Heureusement le film était dans la boîte, et quelques jours plus tard tout le monde était rapatrié car les cas se multipliaient !

Comment avez-vous abordé le choix des lieux principaux ?

JCR : Comme nous avions décidé de quasiment tout tourner en lumière naturelle, il y a eu un énorme travail de préparation à la fois avec l’équipe des décors et l’assistant réalisateur pour optimiser chaque lieu en fonction de la lumière naturelle. Tous les décors, comme les différentes maisons qu’occupent les protagonistes, ont été construits en fonction de la course du soleil sur chaque lieu choisi. Seul contretemps, le tournage a été décalé de deux mois, passant de la fin de l’été au milieu de l’automne, avec des journées bien plus courtes que prévu à l’origine. C’est pour cette raison que sur quelques décors j’ai dû avoir recours à quelques sources extérieures HMI pour tricher le soleil. C’est le cas par exemple sur les intérieurs du village de pionniers car ces scènes ont été tournées à quelques jours de Noël, avec une durée du jour très réduite...

C’est très dans l’esprit des Moissons du ciel, non ? Il y a même un plan sur le train qui pourrait être extrait du film de Malick !

JCR : Oui on peut dire ça. De toute façon ce plan est un hommage tout à fait conscient à ce film...

Martin Otterbeck
Martin Otterbeck


Vous tenez vous-même la caméra sur ce film ?

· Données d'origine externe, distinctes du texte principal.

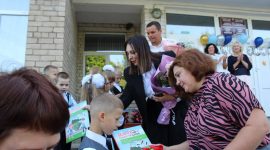Инна Толкачева приняла участие в торжественной линейке в Краснодворской средней школе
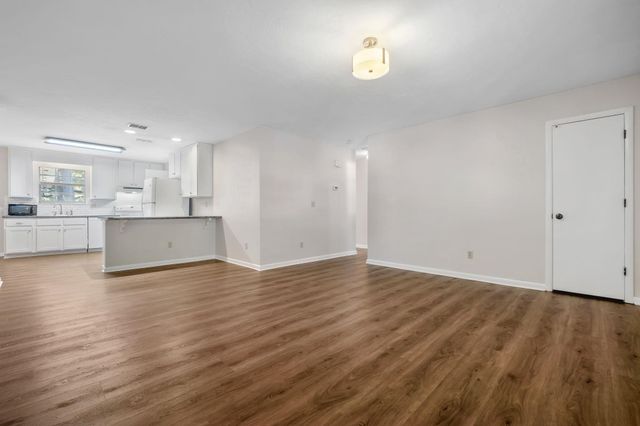 2725 Bedford Way, Tallahassee, FL 32308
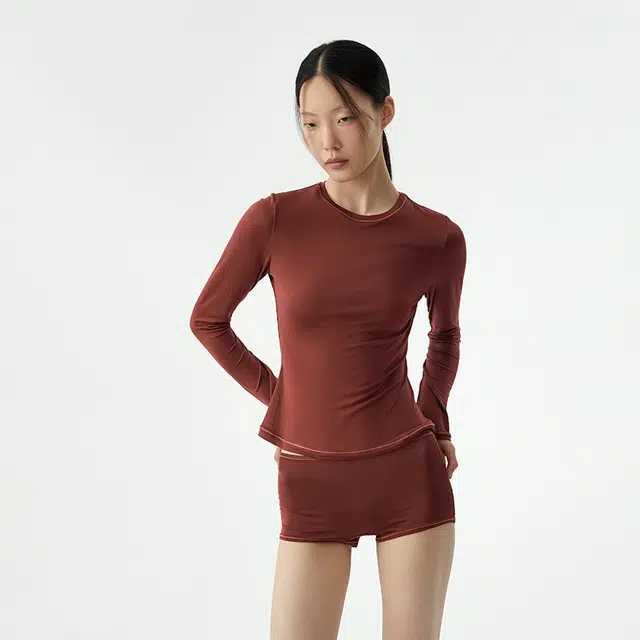 桑罗  秋冬新品本命年真丝针织轻暖美肤打底套装简约呵护显白衬肤新年色个性 圆领 外穿肌底衣家居套装 女款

JCR : Non, bien que je sois réputé depuis mes débuts dans le documentaire pour cadrer à l’épaule, je trouvais que sur ce projet, c’était vraiment trop complexe de gérer à la fois le cadre et la lumière. C’est pour cette raison que j’ai confié la caméra à Martin Otterbeck, FNF, avec qui je travaille souvent en deuxième caméra et à qui je fais entièrement confiance. Au départ, les producteurs n’étaient pas forcément rassurés par notre idée de travailler de la sorte et de n’utiliser que de la lumière naturelle et des sources de figuration... Mais au fur et à mesure de la préparation, et des nombreux tests qu’on a pu faire le concept les a convaincus. J’en profite aussi pour insister sur l’importance du partage des images dès les premiers jours du tournage. Pour cela, j’utilise le système DryLab, auquel j’ai participé pour la mise au point. C’est un service de gestion des rushes dématérialisés, et qui permet de partager sur iPad avec tous les membres de l’équipe l’intégralité des rushes étalonnés, répertoriés, et d’une simplicité d’accès redoutable. Ainsi, en quelques minutes, on peut retrouver telle ou telle prise sur le plateau, par numéro de scène ou de prise, par meilleure prise... et vérifier le raccord, et en permanence échanger avec la prod ou le reste de l’équipe technique pour anticiper et prendre les bonnes décisions artistiques. Pour moi, filmer n’est pas l’affaire d’une seule image ! Tout l’enjeu du cinéma repose sur une ligne temporelle, comme sur le banc de montage incluant chaque plan en contexte avec l’autre. J’ai vraiment besoin sur le plateau de voir le film progresser en tant qu’objet narratif... Et Drylab me permet de le faire, en distribuant automatiquement les rushes sur la timeline du scénario, selon chaque scène, plan et meilleure prise seulement.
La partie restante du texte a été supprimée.